The full linear regression model considers all the data. Multiple R-squared (R^2) is 0.02079. Indicating that the model explains only a small portion of the variance in movie ratings. The p-value for the date_x coefficient is less than 2.2e-16, suggesting that there is a statistically significant relationship between date_x (time) and movie ratings. However, the Adjusted R-squared is also very low, indicating that the model is not a good fit.
The data is split into two subsets: before and after the year 2000. For the “Before 2000” subset, the R^2 is 0.045, indicating a slightly better fit compared to the full model, but it’s still relatively low.

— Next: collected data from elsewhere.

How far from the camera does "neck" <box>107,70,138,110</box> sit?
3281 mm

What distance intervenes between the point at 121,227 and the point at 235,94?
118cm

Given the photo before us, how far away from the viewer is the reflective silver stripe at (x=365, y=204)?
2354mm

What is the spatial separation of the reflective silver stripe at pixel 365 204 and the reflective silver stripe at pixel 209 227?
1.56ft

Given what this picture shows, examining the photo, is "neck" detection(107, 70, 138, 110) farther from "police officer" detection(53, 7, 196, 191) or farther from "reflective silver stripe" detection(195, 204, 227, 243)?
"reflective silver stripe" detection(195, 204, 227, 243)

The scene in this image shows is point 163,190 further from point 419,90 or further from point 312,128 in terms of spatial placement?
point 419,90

The p-value for date_x is highly significant, indicating a relationship between time and movie ratings for this subset. For the “After 2000” subset, the R^2 is 0.01426, which is lower than both the full and “Before 2000” subsets. Similar to the other models, there is a significant relationship between time and movie ratings.
library(forecast)
## Warning: package 'forecast' was built under R version 4.3.2
## Registered S3 method overwritten by 'quantmod':
## method from
## as.zoo.data.frame zoo
# Apply smoothing (e.g., 5-period moving average) to the 'score' column
movieData_smoothed <- movieData %>%
mutate(smoothed_score = zoo::rollmean(score, k = 5, fill = NA))
# Create a plot to compare the smoothed data with the original data
ggplot() +
geom_line(data = movieData, aes(x = date_x, y = score), color = "blue", alpha = 0.5, size = 1) +
geom_line(data = movieData_smoothed, aes(x = date_x, y = smoothed_score), color = "red", size = 1) +
labs(title = "Original vs. Smoothed Movie Scores",
x = "Date",
y = "Score") +
theme_minimal()
library(forecast)
movieData_ts <- ts(movieData$score, frequency = 12)

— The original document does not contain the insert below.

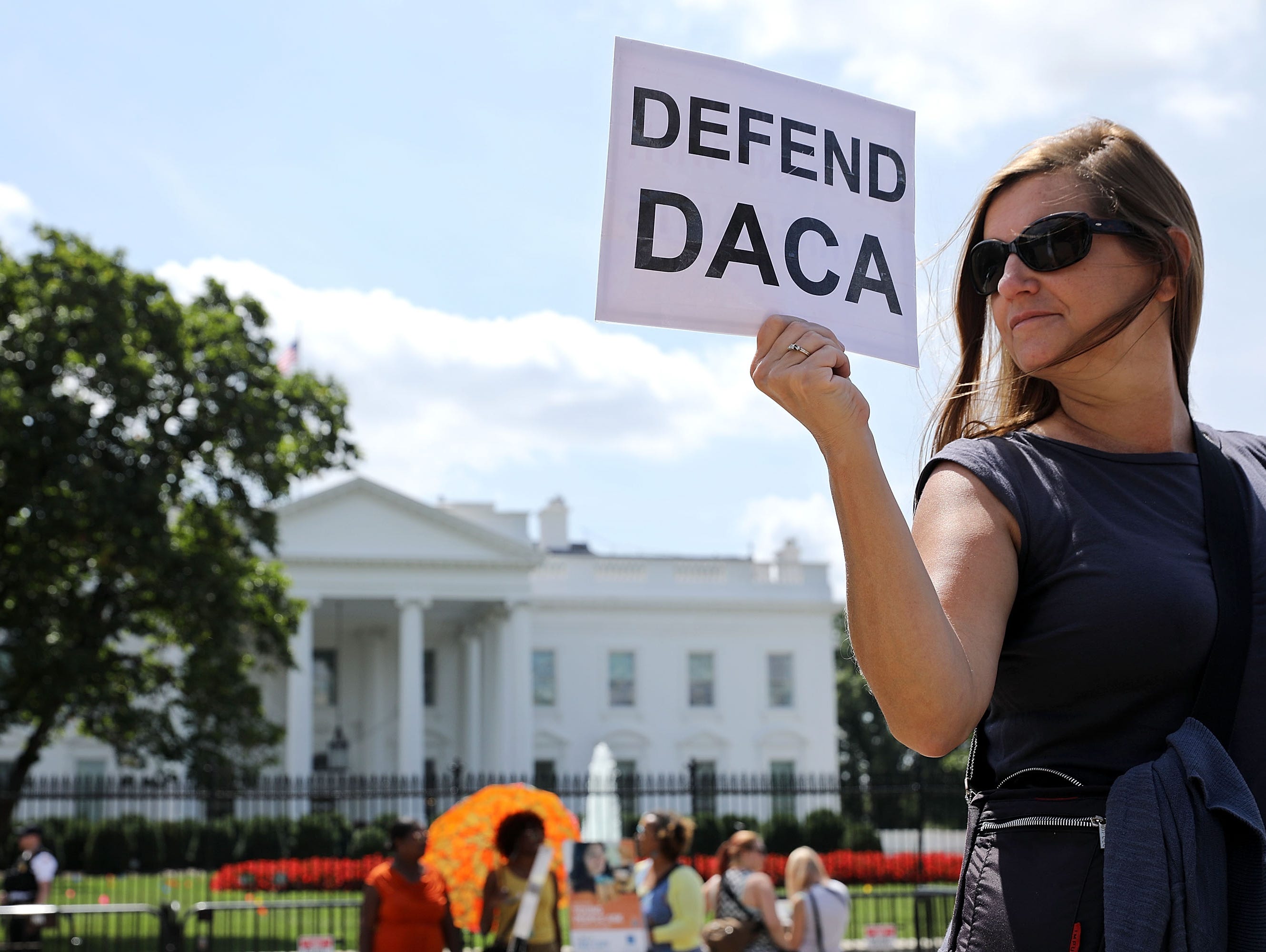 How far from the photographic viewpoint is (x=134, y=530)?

movieData_decomp <- stl(movieData_ts, s.window = "periodic")
plot(movieData_decomp)
acf(movieData_decomp$time.series[, "seasonal"])

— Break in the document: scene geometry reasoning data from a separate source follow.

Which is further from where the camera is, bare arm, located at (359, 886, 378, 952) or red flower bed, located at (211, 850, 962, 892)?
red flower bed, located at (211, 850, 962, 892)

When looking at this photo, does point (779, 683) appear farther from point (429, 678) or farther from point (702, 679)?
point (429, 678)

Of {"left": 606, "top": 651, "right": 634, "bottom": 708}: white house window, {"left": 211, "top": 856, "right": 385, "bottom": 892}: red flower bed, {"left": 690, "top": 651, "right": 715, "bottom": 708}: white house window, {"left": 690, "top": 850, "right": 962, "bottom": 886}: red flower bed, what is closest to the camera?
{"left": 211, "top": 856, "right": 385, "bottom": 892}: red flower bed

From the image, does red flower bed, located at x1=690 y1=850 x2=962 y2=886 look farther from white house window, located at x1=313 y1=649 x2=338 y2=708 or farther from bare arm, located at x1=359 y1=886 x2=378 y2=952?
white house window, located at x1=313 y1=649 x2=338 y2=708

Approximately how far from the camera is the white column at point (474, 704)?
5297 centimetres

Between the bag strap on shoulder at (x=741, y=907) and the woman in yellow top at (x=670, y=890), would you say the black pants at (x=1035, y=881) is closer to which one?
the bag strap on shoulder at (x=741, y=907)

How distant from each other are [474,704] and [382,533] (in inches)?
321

pacf(movieData_decomp$time.series[, "seasonal"])
summary(movieData_decomp$time.series[, "seasonal"])
## Min. 1st Qu. Median Mean 3rd Qu. Max.
## -0.7272926 -0.2569826 -0.0488401 -0.0000006 0.2510333 0.8118548
# Create a time series object
movie_ts <- ts(movieData$score, frequency = 12)
# Decompose the time series to detect seasonality
decomp <- decompose(movie_ts)
# Plot the ACF and PACF
par(mfrow = c(2, 1))
acf(decomp$seasonal, main = "ACF of Seasonal Component")
pacf(decomp$seasonal, main = "PACF of Seasonal Component")